Infelizmente, essa lucidez sobre o que realmente importa tem uma duração diminuta. De repente, voltamos a estar em ânsias porque alguém disse não sei o quê; entregamos os pontos à ansiedade ou, pior ainda, mergulhamos numa eterna insatisfação que corrói. O estado depressivo ainda assim tem como se resolver, a insatisfação crónica é o pior dos males.
Quando alguém morre, alguém de quem gostamos ou que admiramos, alguém que nos acrescentou em conversas e riso, percebemos, mais uma vez, que estamos de passagem, somos de ínfima importância. O tal grão de areia.
No estado em que o mundo se apresenta, a todos os níveis, a morte tem apenas a doçura de poupar a algumas realidades a que estamos sujeitos (leia-se, Trump e afins). Todos merecíamos ser poupados a mais sofrimento.
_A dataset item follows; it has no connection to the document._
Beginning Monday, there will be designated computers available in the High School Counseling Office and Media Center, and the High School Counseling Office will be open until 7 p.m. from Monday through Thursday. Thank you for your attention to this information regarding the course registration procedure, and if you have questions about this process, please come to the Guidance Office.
Talvez por isso, a vida empurra e seguimos.
Tenho um amigo que mantém um caderno de mortes: aponta os nomes dos que lhe morreram, só esta forma de o dizer — alguém que nos morre — é suficiente para perceber que a morte é vivida com um certo egoísmo.
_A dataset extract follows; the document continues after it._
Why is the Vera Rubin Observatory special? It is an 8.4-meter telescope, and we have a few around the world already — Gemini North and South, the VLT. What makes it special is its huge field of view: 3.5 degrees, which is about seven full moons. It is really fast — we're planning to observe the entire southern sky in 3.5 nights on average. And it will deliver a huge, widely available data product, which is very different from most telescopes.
Não faz mal que assim seja, é o reconhecimento de que alguém nos faz falta, fará para sempre. Afastamos as crianças dos rituais da morte e essa super proteção — coitadinhos, são muito novos — não lhes dá hipótese de participar na dor. Gostaríamos de poupar as crianças ao sofrimento ou deveríamos ter a inteligência de as ensinar a lidar com o que perturba?
De novo, a morte tem o condão de suscitar as perguntas mais díspares. Depois, a vida segue e, infelizmente, não tomamos conta das respostas pelas quais tanto ansiamos.